Wu Qitu mengerutkan alis, merasa ucapan Fang Zhang tak ada masalah.
Meski kelinci sudah mati, sejak keluar dari lubang ia sudah tahu nasibnya.
"Tiba-tiba aku ingin jadi kelinci, mungkin bisa mengerti pikirannya."
"Kelihatannya ia luar biasa."
"Itu hanya menurut kita, mungkin makhluk lain tak berpikir begitu."
"Mereka yang jelas-jelas menyerahkan nyawa tampak bodoh. Tapi kau yakin Gedung Wangshu adalah elang? Atau kita benar-benar kelinci abu-abu itu?" Fang Zhang bertanya.

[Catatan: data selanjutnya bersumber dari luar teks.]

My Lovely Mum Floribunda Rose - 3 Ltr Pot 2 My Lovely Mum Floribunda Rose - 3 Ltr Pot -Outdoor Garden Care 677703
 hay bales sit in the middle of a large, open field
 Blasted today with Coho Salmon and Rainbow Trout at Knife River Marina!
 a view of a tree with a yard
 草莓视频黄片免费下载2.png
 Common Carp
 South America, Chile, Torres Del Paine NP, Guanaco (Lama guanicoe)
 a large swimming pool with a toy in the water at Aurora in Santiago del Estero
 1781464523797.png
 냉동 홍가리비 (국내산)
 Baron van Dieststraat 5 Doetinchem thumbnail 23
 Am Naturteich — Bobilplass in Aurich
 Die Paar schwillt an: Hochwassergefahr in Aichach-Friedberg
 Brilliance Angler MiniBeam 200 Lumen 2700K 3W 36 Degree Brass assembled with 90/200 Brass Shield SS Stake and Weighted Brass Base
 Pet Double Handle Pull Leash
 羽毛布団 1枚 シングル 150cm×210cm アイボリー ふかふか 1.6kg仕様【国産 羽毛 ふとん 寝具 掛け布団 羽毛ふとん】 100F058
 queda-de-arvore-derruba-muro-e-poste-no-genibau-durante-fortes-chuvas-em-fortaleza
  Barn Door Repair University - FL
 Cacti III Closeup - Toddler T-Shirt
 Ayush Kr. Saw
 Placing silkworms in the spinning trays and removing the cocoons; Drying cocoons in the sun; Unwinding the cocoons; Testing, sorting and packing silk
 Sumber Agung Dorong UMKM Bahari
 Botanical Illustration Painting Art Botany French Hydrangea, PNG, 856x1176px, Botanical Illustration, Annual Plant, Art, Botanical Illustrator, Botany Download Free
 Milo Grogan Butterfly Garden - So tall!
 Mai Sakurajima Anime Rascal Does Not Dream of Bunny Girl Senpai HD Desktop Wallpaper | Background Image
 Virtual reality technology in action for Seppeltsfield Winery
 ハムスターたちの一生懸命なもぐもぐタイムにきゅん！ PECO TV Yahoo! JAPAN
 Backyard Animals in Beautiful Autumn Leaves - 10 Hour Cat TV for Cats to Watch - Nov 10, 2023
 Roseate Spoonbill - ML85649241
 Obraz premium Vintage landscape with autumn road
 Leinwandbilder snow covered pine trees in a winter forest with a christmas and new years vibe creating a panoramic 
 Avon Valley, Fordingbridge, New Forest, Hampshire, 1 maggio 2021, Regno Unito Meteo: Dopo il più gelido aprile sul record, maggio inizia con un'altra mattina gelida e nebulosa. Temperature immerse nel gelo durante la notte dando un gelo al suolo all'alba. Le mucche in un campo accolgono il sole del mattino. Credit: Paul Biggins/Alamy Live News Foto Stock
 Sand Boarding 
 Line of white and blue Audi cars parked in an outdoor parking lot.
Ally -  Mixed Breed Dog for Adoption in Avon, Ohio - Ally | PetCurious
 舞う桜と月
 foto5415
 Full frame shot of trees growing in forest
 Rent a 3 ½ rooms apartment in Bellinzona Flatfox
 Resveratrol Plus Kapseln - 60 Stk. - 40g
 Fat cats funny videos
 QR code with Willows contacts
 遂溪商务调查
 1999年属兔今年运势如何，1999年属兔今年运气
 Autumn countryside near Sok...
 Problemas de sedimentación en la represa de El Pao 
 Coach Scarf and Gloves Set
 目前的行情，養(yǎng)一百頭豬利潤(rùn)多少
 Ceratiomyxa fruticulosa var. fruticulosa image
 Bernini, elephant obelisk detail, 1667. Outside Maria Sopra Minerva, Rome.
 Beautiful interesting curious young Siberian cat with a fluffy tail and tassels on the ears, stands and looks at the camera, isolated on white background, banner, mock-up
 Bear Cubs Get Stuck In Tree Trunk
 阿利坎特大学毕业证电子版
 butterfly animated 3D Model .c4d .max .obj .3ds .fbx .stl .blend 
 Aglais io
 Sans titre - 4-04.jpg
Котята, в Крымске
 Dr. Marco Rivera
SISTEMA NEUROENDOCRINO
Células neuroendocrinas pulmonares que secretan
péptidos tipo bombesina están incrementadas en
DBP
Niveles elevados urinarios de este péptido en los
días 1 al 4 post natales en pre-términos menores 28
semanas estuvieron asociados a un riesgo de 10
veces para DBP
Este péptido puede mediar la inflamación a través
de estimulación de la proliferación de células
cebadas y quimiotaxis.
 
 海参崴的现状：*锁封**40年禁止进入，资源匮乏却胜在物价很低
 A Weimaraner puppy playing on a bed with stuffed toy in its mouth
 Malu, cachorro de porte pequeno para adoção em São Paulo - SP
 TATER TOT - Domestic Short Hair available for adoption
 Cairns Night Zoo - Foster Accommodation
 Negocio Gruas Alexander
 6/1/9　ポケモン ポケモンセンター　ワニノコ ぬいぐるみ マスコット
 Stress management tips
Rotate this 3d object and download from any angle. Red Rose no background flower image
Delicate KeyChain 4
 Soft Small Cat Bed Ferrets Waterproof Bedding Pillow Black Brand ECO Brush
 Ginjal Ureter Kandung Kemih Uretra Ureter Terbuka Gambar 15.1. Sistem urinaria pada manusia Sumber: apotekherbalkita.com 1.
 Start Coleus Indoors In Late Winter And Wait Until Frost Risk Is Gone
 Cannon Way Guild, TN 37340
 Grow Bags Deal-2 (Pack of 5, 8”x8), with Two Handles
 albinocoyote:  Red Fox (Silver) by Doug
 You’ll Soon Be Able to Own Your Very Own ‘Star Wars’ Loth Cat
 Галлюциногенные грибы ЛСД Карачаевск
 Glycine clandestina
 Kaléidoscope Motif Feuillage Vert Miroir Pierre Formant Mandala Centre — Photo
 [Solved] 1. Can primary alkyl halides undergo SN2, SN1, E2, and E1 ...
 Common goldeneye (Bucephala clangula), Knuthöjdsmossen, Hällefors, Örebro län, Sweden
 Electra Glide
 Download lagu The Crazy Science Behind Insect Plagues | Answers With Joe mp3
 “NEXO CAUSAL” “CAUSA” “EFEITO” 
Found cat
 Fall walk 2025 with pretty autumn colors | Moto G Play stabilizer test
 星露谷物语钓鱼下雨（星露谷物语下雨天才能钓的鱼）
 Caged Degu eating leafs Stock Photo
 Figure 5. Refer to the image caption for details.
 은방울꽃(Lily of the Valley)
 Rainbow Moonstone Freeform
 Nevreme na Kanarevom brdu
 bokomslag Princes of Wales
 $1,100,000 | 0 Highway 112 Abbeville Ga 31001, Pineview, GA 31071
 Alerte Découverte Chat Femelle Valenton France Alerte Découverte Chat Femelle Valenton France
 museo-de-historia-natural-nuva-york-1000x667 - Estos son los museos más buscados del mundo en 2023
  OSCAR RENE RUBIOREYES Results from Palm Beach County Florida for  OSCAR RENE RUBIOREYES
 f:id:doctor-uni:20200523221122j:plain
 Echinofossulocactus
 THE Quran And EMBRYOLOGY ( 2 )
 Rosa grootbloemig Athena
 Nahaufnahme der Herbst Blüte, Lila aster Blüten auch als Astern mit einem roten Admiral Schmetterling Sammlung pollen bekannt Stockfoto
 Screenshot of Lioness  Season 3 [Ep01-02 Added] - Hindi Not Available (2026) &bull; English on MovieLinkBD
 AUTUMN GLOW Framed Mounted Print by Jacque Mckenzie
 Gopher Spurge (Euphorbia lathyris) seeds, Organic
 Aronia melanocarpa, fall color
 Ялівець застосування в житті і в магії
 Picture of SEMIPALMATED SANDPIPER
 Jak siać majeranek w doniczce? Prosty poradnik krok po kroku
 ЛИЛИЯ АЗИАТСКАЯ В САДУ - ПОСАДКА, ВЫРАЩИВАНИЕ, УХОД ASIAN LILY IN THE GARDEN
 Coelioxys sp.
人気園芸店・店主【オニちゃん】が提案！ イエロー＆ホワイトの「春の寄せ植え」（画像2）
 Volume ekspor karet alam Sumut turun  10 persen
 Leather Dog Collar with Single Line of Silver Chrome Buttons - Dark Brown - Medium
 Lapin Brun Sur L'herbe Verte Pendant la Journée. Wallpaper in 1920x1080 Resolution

"Bukan." Wu Qitu menjawab tanpa berpikir.
"Oh? Kenapa?"
"Aku tak bisa membayangkan bangunan dengan nama seindah itu begitu buruk, juga tak bisa membayangkan diriku suatu hari jadi begitu lucu."
...
...
Fang Zhang mengangguk, sangat merendahkan, "Ada orang yang saat menulis selalu ingin mengibaratkan benda dengan manusia untuk menunjukkan kemampuan menulisnya. Menurutku, manusia adalah manusia, benda adalah benda, gedung adalah gedung."
"Tapi kelinci itu bukan sekadar kelinci."
"Maksudmu akan ada yang mati?"
"Kelinci sudah mati, soal manusia aku tak tahu." Wu Qitu menjawab santai.
"Kelinci menjebak elang dengan dirinya sendiri, pernah kau baca hal seperti itu?" Fang Zhang teringat adegan tadi, menertawakan.
"Tidak, kalaupun ada aku tak percaya." Wu Qitu menggeleng.
"Kita harus pergi."
"Tadi aku pikir, jangan-jangan kau berniat menunggu besok apakah ada kelinci lain." Wu Qitu tertawa.
"Perjalanan ini memang membosankan, tapi aku belum sebosan itu."
Sebelum pergi, mereka mengintip ke lubang tempat kelinci abu-abu keluar, ternyata tak ada kelinci lain, juga tak ada anak kelinci yang menunggu makan.